ツアーに参加したのは東京都にお住いのご夫婦で、ご主人に脳梗塞の後遺症がありました。夏の北アルプス山麓は高山植物が咲き、高齢者のご夫妻にとっても魅力のある場所ですが、ゴンドラやリフトを乗り継がねばならず、私は少し心配していました。しかし、ゴンドラは乗車時の祭に一時停止し、スタッフの介助でご夫妻は無事乗り込めました。できることなら他のお客様に向けて「車いすの方が乗車されますので一時停止します」といったアナウンスが流れれば、ゴンドラに乗っている全員が素晴らしい時を共有できたのにと感じました。
傷がいなどがある方にとって移動は大変なことです。幸いこうしたツアーを受け入れるだけあって、どこの施設も多目的トイレなどの設備は充実していました。中でも白馬五竜高山植物園にはトレイルライダーという乗り物があり、体の不自由な方の助けになっています。ただ、スタッフが2人必要な上に非常に高価で普及する見通しは立っていないようです。
ユニバーサルツーリズムは、多くの人にとって使いやすいというユニバーサルデザインの考え方を観光にあてはめたもので、旅行者の減少に端を発しているとも言えます。観光庁は以前から、その可能性と必要性をうたっていました。

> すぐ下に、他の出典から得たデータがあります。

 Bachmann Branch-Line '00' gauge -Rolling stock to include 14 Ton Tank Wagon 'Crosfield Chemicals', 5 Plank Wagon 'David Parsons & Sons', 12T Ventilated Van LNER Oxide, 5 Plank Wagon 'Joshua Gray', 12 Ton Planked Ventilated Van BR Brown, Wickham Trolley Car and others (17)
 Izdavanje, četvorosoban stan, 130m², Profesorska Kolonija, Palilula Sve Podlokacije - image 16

65歳以上の高齢者は今や人口の約3割に達しています。高齢になれば病気や障がいに襲われる可能性が高まります。観光庁の考え方は、超高齢社会に向けて高齢者や障がい者を取り込もうということでしょうか。外国人観光客の受け入れも大切ですが、私はまずこちらを優先すべきだと思います。
ユニバーサルツーリズムは先人たちの努力によって切り開かれてきました。今回のツアーを企画した広島県の昭和観光社代表の平森良典さんは「理想に向け40年努力してきた」と言います。ツアーを受け入れた五竜、岩岳、栂池の各施設と白馬ハイランドホテルの対応も素晴らしいものでした。
参加されたご夫妻は久しぶりの旅行に満足した様子で、雨に見舞われたものの「良かった。こうしたツアーが広がるといいですね」と笑顔で話してくれました。そこにはアウトドアを楽しめたという充実感ばかりではなく、他人の優しさに触れた幸福感もあったような気がします。
2泊3日のツアー最終日早朝、白馬村は見事に晴れ上がりました。朝日を浴びて輝く白馬連峰は、ご夫妻とユニバーサルツーリズムに携わった人たちの心を晴れやかにしました。人は最期まで旅をしたいものだとあらためて思ったものです。